Análisis

Elogio de la “realpolitik”

La erosión por el abuso de los gestos vacíos exige ya una vuelta al pragmatismo

Cuando Otto von Bismark calmó las aguas de los agitados imperios europeos del siglo XIX y armó la Alemania que hoy conocemos no sospechaba que estaba inaugurando la «realpolitik» del XX y el XXI. Esa corriente de la ciencia política que prima las cuestiones pragmáticas sobre las ideológicas y que suele aplicarse al ámbito internacional para explicar las decisiones que adoptan los países situando sus intereses por delante de cualquier otra consideración. Aunque a la vista de la ruta tomada por nuestros dirigentes, no estaría de más aprovechar la estrategia del estadista alemán y aplicarla con rigor a la política patria. Si los últimos siete años de administraciones zigzagueantes y azares demoscópicos nos han dejado elementos suficientes para intentar reconducir el estilo de gestión, este comienzo de curso se está destapando como una gran fábula (con moralejas incluidas) que alerta sobre los riesgos que nos acechan y nos lastran. La falsa agresión homófoba y la cadena de consecuencias que ha generado se han convertido en el resumen perfecto de los males que arrastra nuestra sociedad y nos sitúa ante nuestro reflejo con varias lecciones que aprender. Y todas ellas, además, confluyen en la necesidad de una vuelta a otro tipo de política, más realista, de resolución de problemas concretos, que eluda los escenarios radicales y se imponga frente a gestos vacíos.

Desacelerar los tiempos

Más allá de la evidencia de dejar actuar a las Fuerzas y Cuerpos de Seguridad del Estado, primero, y a la Justicia, después (y solo esto ya tiene entidad más que suficiente), la bola de nieve generada por la denuncia que terminó en invención nos recuerda el valor de aspirar a la reflexión y al sosiego para afrontar los debates públicos, los que nos afectan a todos. Hubo un tiempo en este país en que se repetía el mantra de «no legislar en caliente»: se esgrimía en cada ocasión que se producía un suceso, generalmente terrible y sobrecogedor, que impulsaba a algún colectivo social o grupo político a exigir cambios «ad hoc». En la era de la inmediatez y la aceleración de las redes sociales pedir una cierta pausa puede resultar casi una quimera, pero el desfase de esta semana entre la realidad, los hechos, y la respuesta política ha resultado tan evidente y clarificador como preocupante.
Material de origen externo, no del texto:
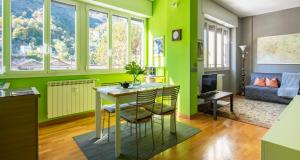 uma sala de estar com paredes verdes e uma mesa e cadeiras em JOIVY Vibrant Studio Near Train Station em Como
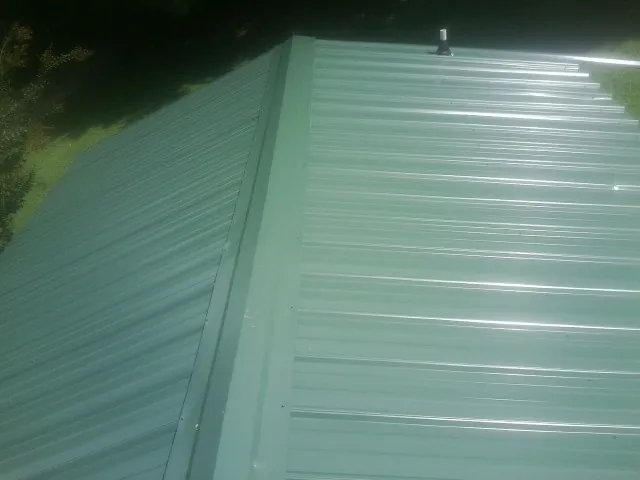 New green metal panels meeting at the ridge of a roof — Flat Roof Repair work by our crew in West Bridgewater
Y especialmente por la actuación del Gobierno, a quien se presupone una mayor responsabilidad. Desde la falta del principio mínimo de precaución de Fernando Grande-Marlaska, pronunciándose con una investigación incipiente, hasta los mensajes de Irene Montero o Ione Belarra en los que apuntaban a PP y Vox por crear un ambiente propicio para fomentar los delitos de odio. Agitar una bandera ideológica o parapetarse detrás de unas siglas (o lanzarse directamente contra otras) son formas de hacer política que entrañan más riesgos que beneficios: terminar reduciendo a mero partidismo un asunto de derechos humanos, de igualdad y respeto que afecta a todos los españoles cristaliza, al final, en un frustrante ataque a las bases del Estado de Derecho.

La gran paradoja

Al confundir la ideología propia con los baremos para medir la justicia se entra en un terreno peligroso que comparte espacio con un concepto formulado en la década de los 80 (y rescatado en los últimos años) denominado «bullshit» y que consiste en la pérdida de valor de la verdad, cuando los hechos dejan de ser lo más importante. A través de una exageración o una sobreactuación se compromete la verdadera cuestión de fondo que, en este caso, es el aumento de los delitos de odio (sobre todo a través de las redes), como indica, por ejemplo, la memoria anual de la Fiscalía de 2020. Se da la paradoja de que el exceso de gestos vacíos perjudica la causa que pretende defender, enrarece la convivencia y erosiona la confianza de los ciudadanos en las instituciones. Se hace más pertinente que nunca la exigencia de una transformación del debate público: en fondo y forma. Urge una vuelta a los cauces del realismo y a los intereses generales sobre los partidistas para evitar que la política termine convertida (o percibida, que viene a ser casi lo mismo) en un elemento cada vez más ajeno y menos útil a la sociedad a la que representa. Hay que recuperar una «realpolitik» de negociación reposada, sin precipitaciones, que afronte los asuntos considerando a los ciudadanos como adultos capaces de entender y discernir los matices. La petición, de obvia, resulta naif.